### Assignment
Repeat the data exactly as given below, dropping every picture.

### Given material
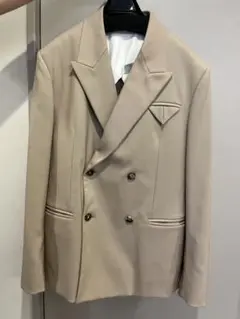 Bottega Veneta ベージュ テーラードジャケット ベージュ系 BOTTEGA VENETA(ボッテガヴェネタ) テーラード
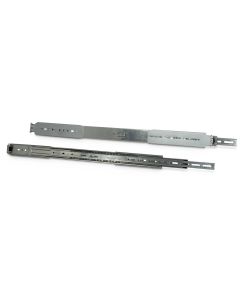 26" x 10mm telescopic rails, 550mm to 650mm, max load 30kg, 88887129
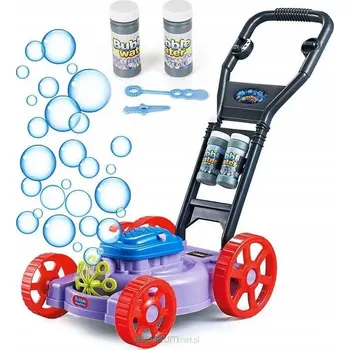 Hra na zahradu Sekačka na trávu s výrobníkem bublin pro děti 3+ Tekutina do bublifuku 100 ml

### Result for this task
 Bottega Veneta ベージュ テーラードジャケット ベージュ系 BOTTEGA VENETA(ボッテガヴェネタ) テーラード
 26" x 10mm telescopic rails, 550mm to 650mm, max load 30kg, 88887129
 Hra na zahradu Sekačka na trávu s výrobníkem bublin pro děti 3+ Tekutina do bublifuku 100 ml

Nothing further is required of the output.